LE-NeuS: Latency-Efficient Neuro-Symbolic Video Understanding via Adaptive Temporal Verification

New framework cuts latency gap by 9x while preserving >10% accuracy gains on complex temporal queries.

Deep Dive

A research team led by Gourav Datta has introduced LE-NeuS, a novel neuro-symbolic framework designed to make complex video understanding practical for real-world applications. Existing methods that combine neural networks with symbolic logic for long-form video question answering (LVQA) have shown impressive accuracy gains by using formal verification for temporal reasoning. However, these approaches came with a crippling drawback: they were up to 90 times slower than simply prompting a base Vision-Language Model (VLM), rendering them unusable for latency-sensitive scenarios like autonomous systems or real-time monitoring. LE-NeuS directly tackles this bottleneck, aiming to preserve the reasoning benefits while drastically cutting computational costs.

The key innovation lies in optimizing the two most expensive steps of neuro-symbolic video analysis. First, LE-NeuS employs a CLIP-guided, two-stage adaptive sampling technique that intelligently skips semantically redundant video frames while carefully preserving critical temporal boundaries where actions change. Second, it implements batched proposition detection, which parallelizes the VLM's work across temporal windows instead of processing frames sequentially. Tested on benchmarks like LongVideoBench and Video-MME using NVIDIA H100 GPUs, the framework successfully reduced the latency gap from 90x to roughly 10x. Crucially, it maintained accuracy improvements of over 10% on temporally complex queries, such as those requiring understanding of event sequences or causality.
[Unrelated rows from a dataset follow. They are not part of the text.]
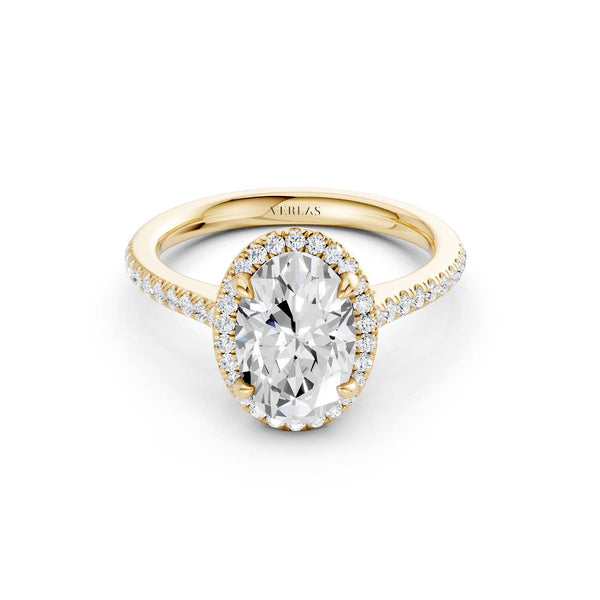 Ellipse Signature Halo Ring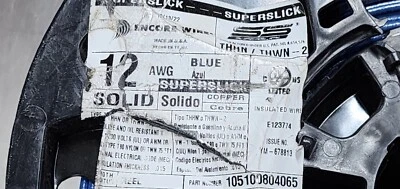 Encore Wire #12awg Solid THHN/THWN-2/MTW/T90 Building Wire Cable Blue /100ft - Image 1 of 4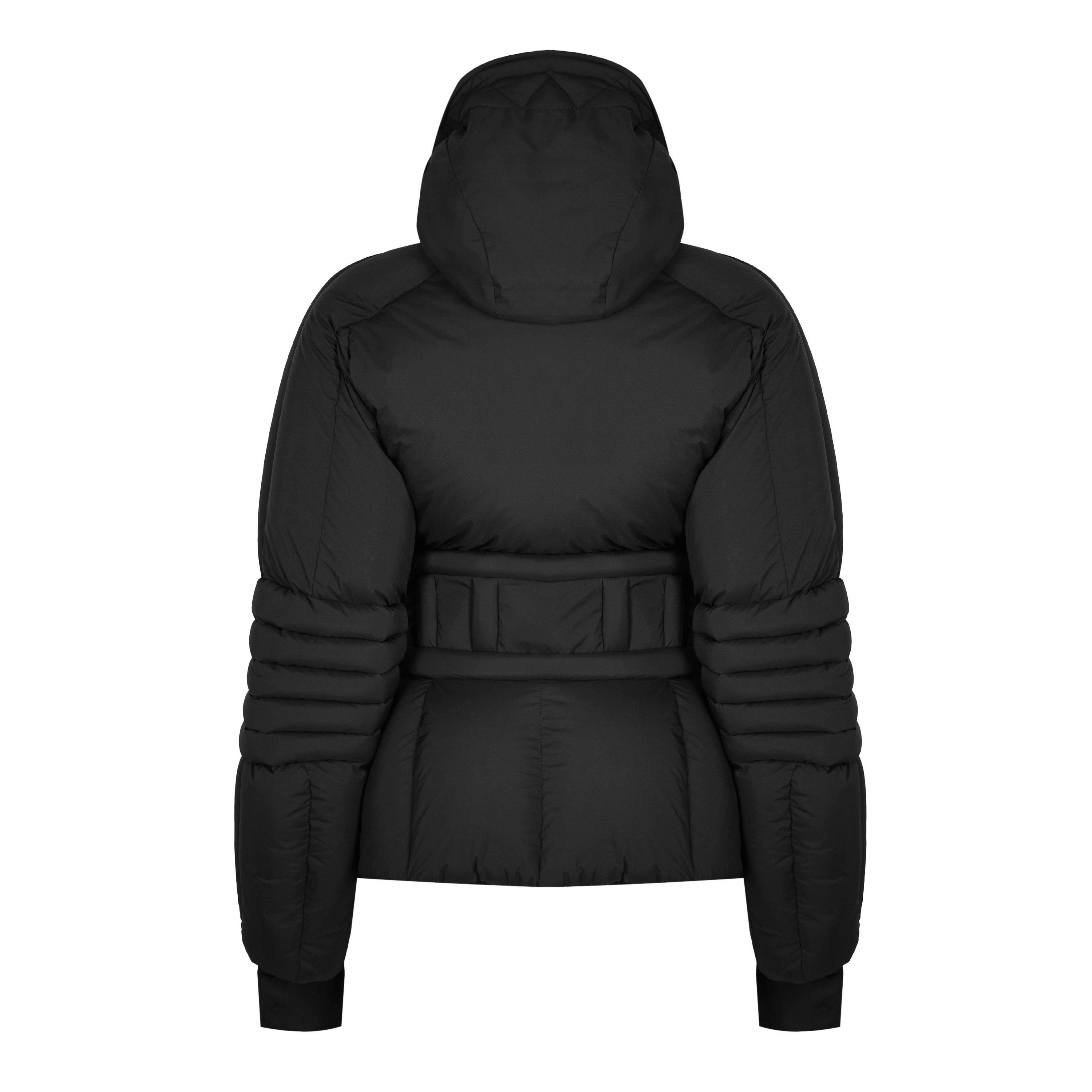 Black 999 - Moncler Grenoble - Women's Sarenna Ski Goose Down Windproof Slim Fit Short Puffer Jacket - 6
This breakthrough bridges the gap between high-accuracy symbolic reasoning and the speed demands of deployable AI.

Key Points
  • Reduces neuro-symbolic video AI latency from 90x to ~10x overhead compared to base VLM prompting
  • Maintains >10% accuracy gains on temporally complex queries in benchmarks like LongVideoBench
  • Uses CLIP-guided adaptive sampling and batched VLM inference to skip redundant frames and parallelize work

Why It Matters

Enables complex, reasoning-based video analysis for real-time applications like autonomous vehicles and security, moving it from research to deployment.